Re: Re: Delayed-Escrow Encryption

That’s essentially it. I’m a data scientist, rather than a cryptographer, so I didn’t have the term of art (ephemeral keys). I’ve implemented a similar system for data processing, but what I see would be (essentially) a set of keys that time out where each section of storage gets slowly migrated from key to key, so that for any live system it will have a reasonably fresh key, but that when taken offline they become static.

This would necessarily mean a slightly higher overhead on the device (since it would always be encrypting a new volume), but it could also use smaller keys tied to the generally available compute power – similar to how bitcoin mining gets harder over time.

This sort of escalating encryption would obviously be harder to implement than a static key encryption, and harder to be sure no one planted a back door in it itself, but would have the advantage of maintaining the same relative level of protection over time for current devices.

The non-absurd argument for security is that sometimes they really do need to decrypt things, but as we’ve seen it’s far too often used now as an easy way to bypass other protections, rather than for extraordinary situations.
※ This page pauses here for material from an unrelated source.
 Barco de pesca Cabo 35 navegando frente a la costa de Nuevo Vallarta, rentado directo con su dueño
Since we’ve been shown that we can’t trust the watchers on their own when there aren’t technical barriers, the alternative may be that practical barriers (total compute available) are a better alternative, like we had until recently due to scalability problems.

Anonymous Coward says:

It’s likely that none of the candidates expects golden keys to actually be implemented or work (not that they wouldn’t be thrilled). What they do expect is that, if elected, they have a golden scapegoat: anything bad that happens anywhere, anytime during their tenure will be blamed on the “uncooperative tech sector”. Terrorism? Apple’s fault. Pedophilia? Google’s to blame. Mass shootings? Call of Duty’s influence. Plaque and tartar build-up? Um… that Candy Crush thing.

Pavement View (looking up, from beyond the ropes) says:

Fool me once... Fool me a thousand times (naw, don't think so)
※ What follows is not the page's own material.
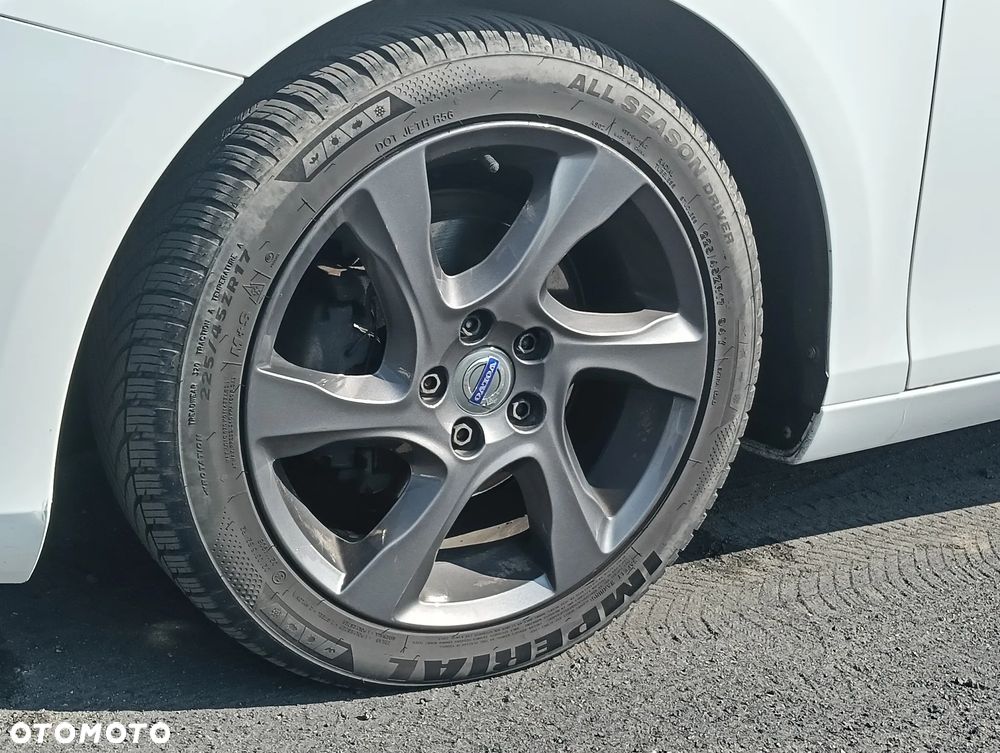 Volvo V40 - 13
Hillary is really not an intelligent person, re: anything. She has connections, and that is what counts in this day and age of guvmint by crooks. That and appearances (O’Bummer has that down cold).

Making sense, even common sense, is not required.

We have two years of a clown show and then a charade of an elections (ditch rigged machines and bring back the smoke filled back rooms). The two-year theater serves TPTB to keep the attention of the masses diverted from their laws for bribes (and other considerations).

One thing H is good at is a posture of looking concerned.

What a life. This system is broke beyond hope (so much for hope and change Mr. Prez).

Anonymous Coward says:

It has become PAINFULLY OBVIOUS that the federal government is projecting the illusion that it’s “helpless” and cannot do what any reasonably minded individual KNOWS it can do – and that is decrypt encrypted messages with relative ease.

The arguments they’re using are simply to ludicrous and LOUD (public) to suggest anything else (it is here where any shill worth his/her salt would suggest mere “incompetence” is to blame… that tired falsehood fell apart years ago – they know what they’re doing, and you KNOW this to be the case.)

Wyrm (profile) says:

"Trusted computing", does that ring a bell?

This is the exact same “computer security” that copyright lobbies have asked for a long time.

– Security should be: when a third-party tries to access a resource, it needs authorization as configured by the user.
– “Security” as seen by all those: when a user tries to access a resource, it needs authorization as configured by a third-party. (Government, copyright group, etc.)

That’s a fundamental issue: they’re basically asking for computers (including smartphones and other mobile devices) to distrust its owner because of their own paranoia.